As rockets recently rained down on the South, my mind wandered to footage I’d seen of Hamas fighters firing at Israel from civilian locations in Gaza. As per the Hamas scenario, the terrorists in the video had their faces covered. For some reason I wondered who they were. Were they married? Did they have children? And then my mind asked an unexpected question: Could that have been me?
What if I had been born in Gaza? What if I had been raised to hate Jews and the Jewish state — would my disposition be the opposite of what it is today? Would I want nothing more than to kill innocent people, as those in the rocket footage do?
I’m not the first person to ask this question. In the late 90s, Ehud Barak received a great deal of push back when he stated, “If I was [a Palestinian] at the right age, at some stage I would have entered one of the terror organizations and have fought from there, and later certainly have tried to influence from within the political system.” This is an unimaginable notion.
There’s only one other time in my life I can remember asking myself such a question, and it was when I first learned of Righteous Gentiles. Those who hid Jews during the Holocaust, in my mind, are the definition of courage. They defied everyone around them and did what was right at the risk of their own lives, with no hope for reward. And in the days of my youth, I was certain I would have done the same.
However, now I’m not so sure.
As much as we’d like to compare the two, Gaza is not Nazi Germany — it’s markedly worse. The inculcation and dissemination of Jew-hatred in Gaza is more virulent and has never been addressed. This commitment to bigotry is so widespread and commonplace, I fear I would have known no other reality.
THINK OF Mosab Hassan Yousef, who’s called the “Green Prince.” He is an ex-Hamas militant who defected to Israel and served as a spy for the Shin Bet. Granted, there may be others presently working undercover for Israel, but he is the only person who grew up in that region to publicly defy the terror regime. However, the situation is so dire with our enemies, I fear that when the war ends, there won’t be any stories of Gazan citizens secretly protecting hostages.

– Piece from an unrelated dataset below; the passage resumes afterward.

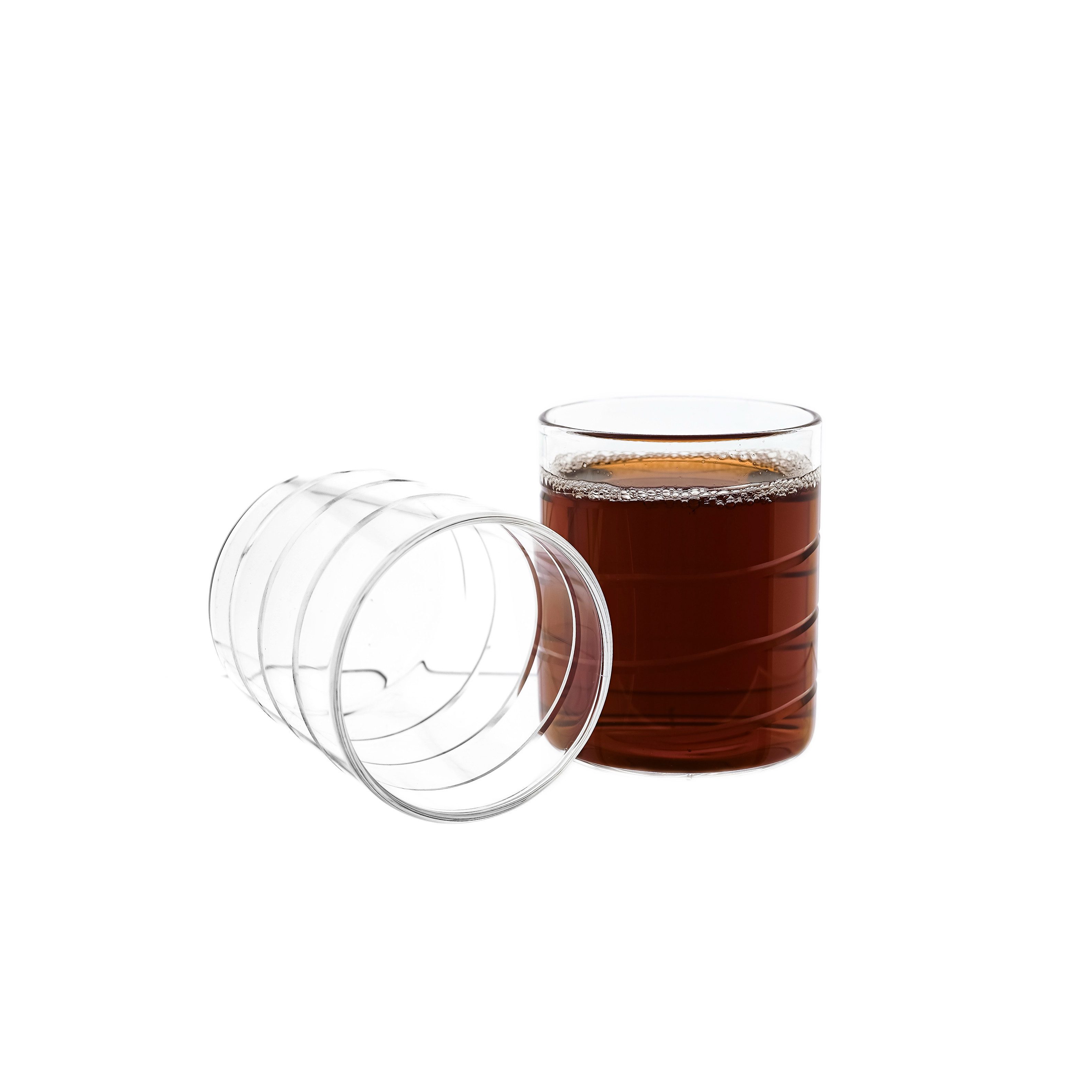 Gläser-Set Night Series im modernen Design - 3er Set Trinkgläser 250 ml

As much as I pray it wouldn’t be true, I don’t think I could have been a righteous Gazan if raised in that environment. At best an innocent bystander, but to actively fight the death cult that exists there feels too overwhelming to my mind. Just as much as this notion frightens me, it is simultaneously a comfort. I maintain that we have the tools at our disposal to combat such hatred.

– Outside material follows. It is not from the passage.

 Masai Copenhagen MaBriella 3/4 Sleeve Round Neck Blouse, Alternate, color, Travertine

Our tradition teaches that we are human, that we will err and that the only entity devoid of wrong-doing is the Creator Himself. But unlike Christianity, Jews do not believe that man’s evil stems from original sin. Judaism contends that inside all of us, both good and evil tendencies are at constant odds with each other.

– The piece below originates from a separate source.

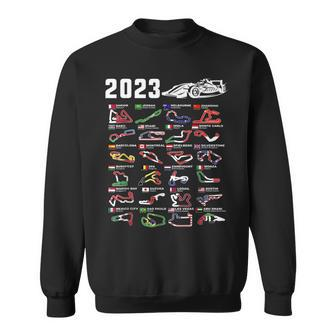 Formula 1 2023 Calendar For Race Car Fan Sweatshirt - Thegiftio UK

However, we are not simply left to our own devices. Just as man was created with this poison, so too we have the antidote. The Torah was given to us so that we could refine ourselves to be the best versions of who we are. This is not by any means an easy task but it is the goal for each person, both Jewish and non-Jewish. We are all meant to improve ourselves to be as Godly as possible and elevate the world through His moral call.
In this conflict, we are not just fighting for the survival of our homeland but also our way of life. Western Judeo-Christian values must triumph in this battle of good versus evil. Humans must be taught and reminded of what is right and wrong because we can convince ourselves of anything. Our timeless religious teachings should be our guides.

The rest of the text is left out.